**Information shown**
★ ★ ★ ★ ★

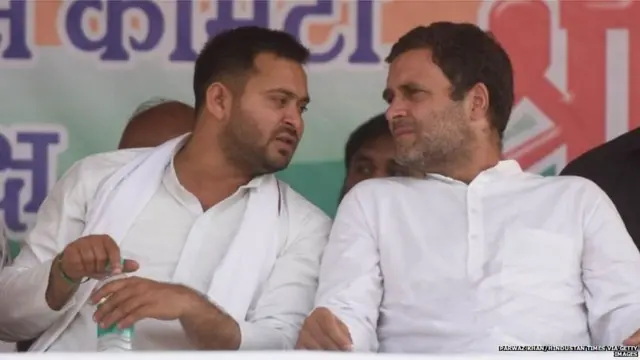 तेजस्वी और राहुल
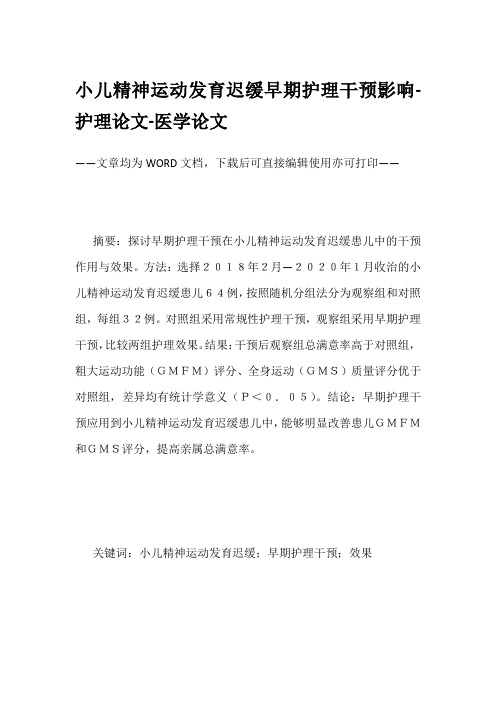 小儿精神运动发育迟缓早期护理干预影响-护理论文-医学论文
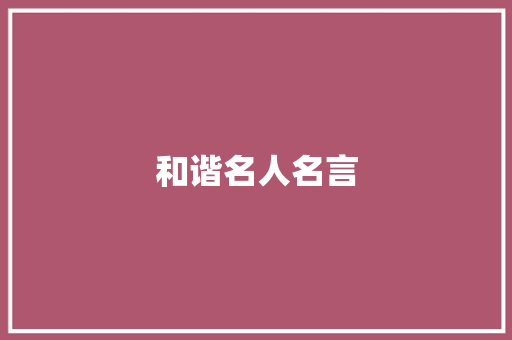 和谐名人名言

★ ★ ★ ★ ★

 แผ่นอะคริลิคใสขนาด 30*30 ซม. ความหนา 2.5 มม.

★ ★ ★ ★ ★

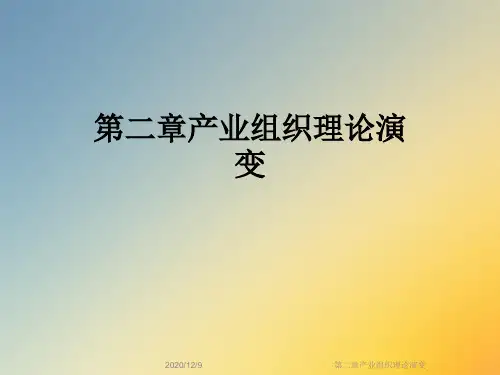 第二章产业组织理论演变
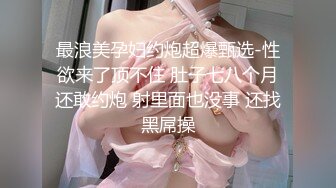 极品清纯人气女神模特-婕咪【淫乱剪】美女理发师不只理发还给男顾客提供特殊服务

★ ★ ★ ★ ★

**What the exercise asks**
What do the entries above read from the line containing "第二章产业组织理论演变" through the line containing "极品清纯人气女神模特-婕咪【淫乱剪】美女理发师不只理发还给男顾客提供特殊服务"? Output those lines exactly, both ends included, with the pictures left out.

**Exercise answer**
 第二章产业组织理论演变
 极品清纯人气女神模特-婕咪【淫乱剪】美女理发师不只理发还给男顾客提供特殊服务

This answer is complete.